Web page caption snippets
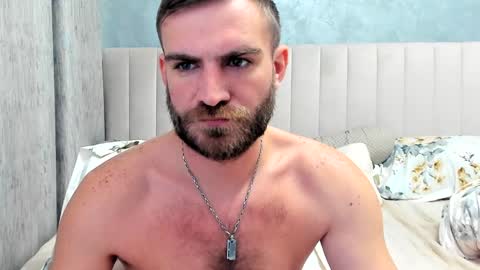 Snapshot of 10in_deluxe chatting on 01/28/25, 09:30 10in_deluxe online show from 01/28/25, 09:30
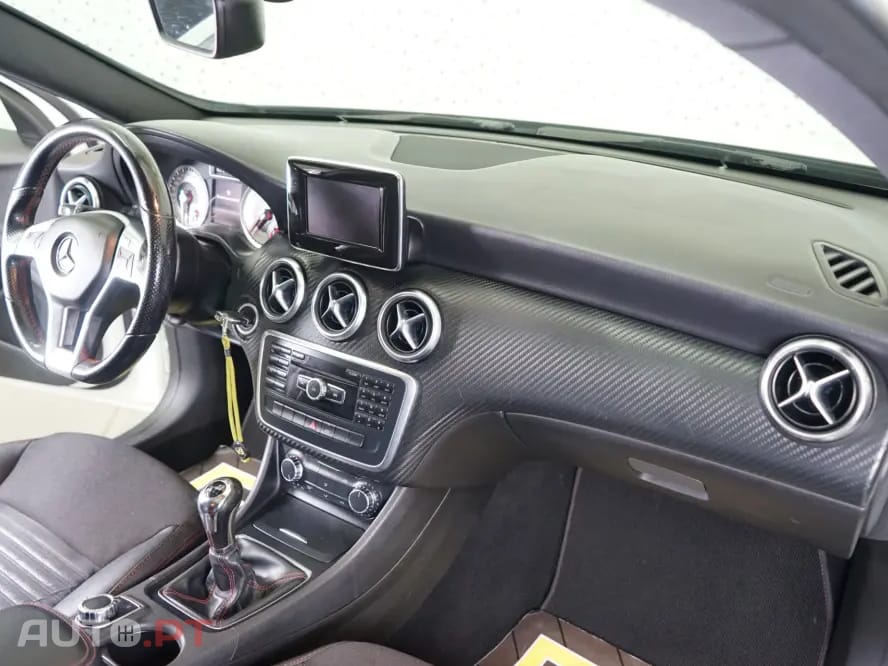 Mercedes-Benz A 180 d AMG Line Aut.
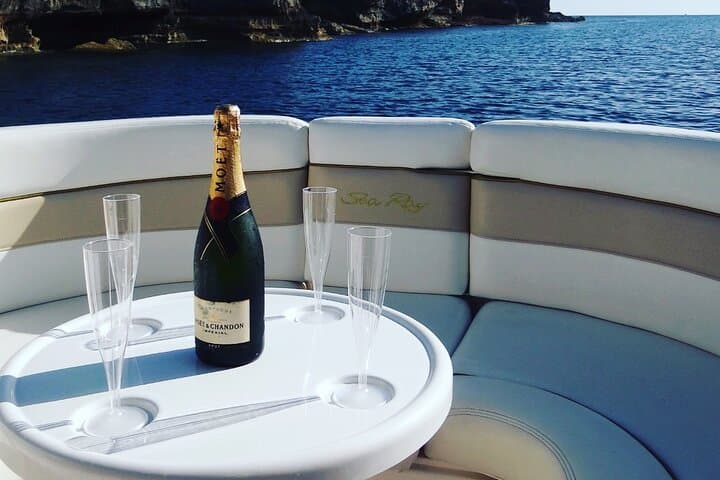 Sunset Yacht Cruise with Cava in Torrevieja photo 2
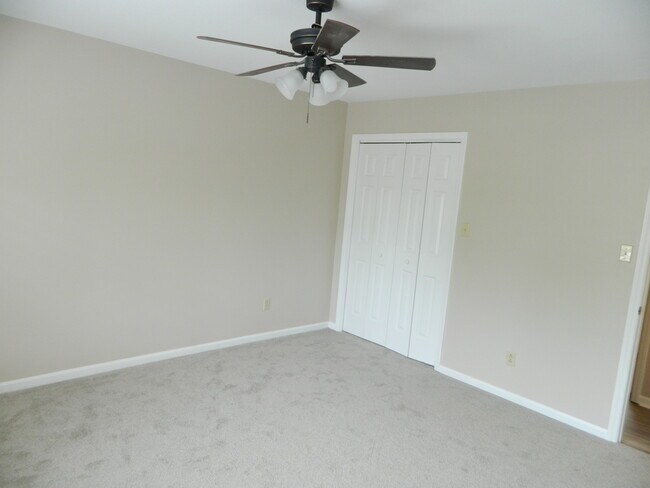 Building Photo - 75 Franklin Parke Ct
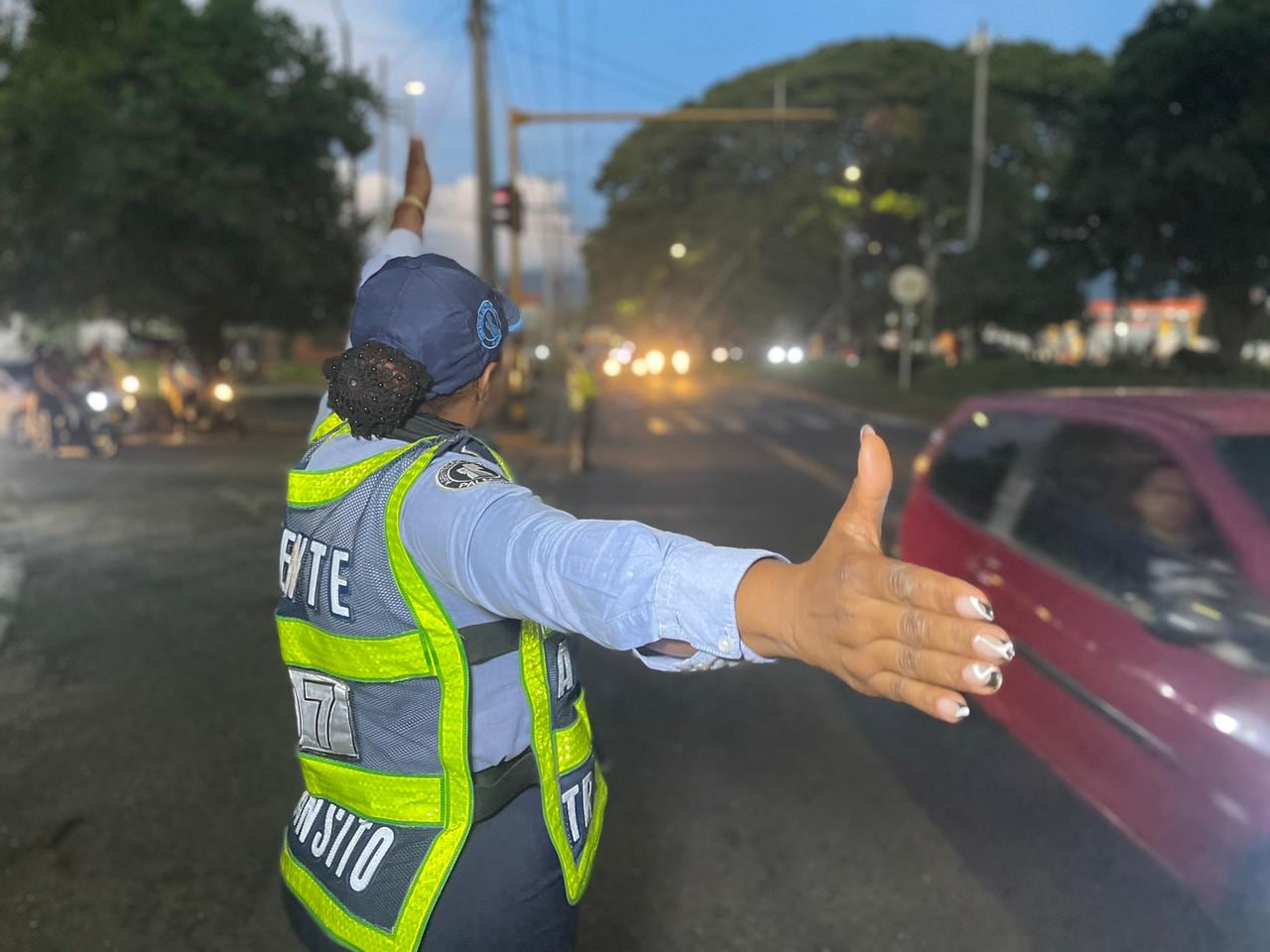 AGENTES DE TRÁNSITO - MOVILIDAD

### Required work
From the line containing "Mercedes-Benz A 180 d AMG Line Aut." to the final line of the entries, both included, transcribe every line exactly, omit the pictures, and add nothing more.

### Exercise solution
 Mercedes-Benz A 180 d AMG Line Aut.
 Sunset Yacht Cruise with Cava in Torrevieja photo 2
 Building Photo - 75 Franklin Parke Ct
 AGENTES DE TRÁNSITO - MOVILIDAD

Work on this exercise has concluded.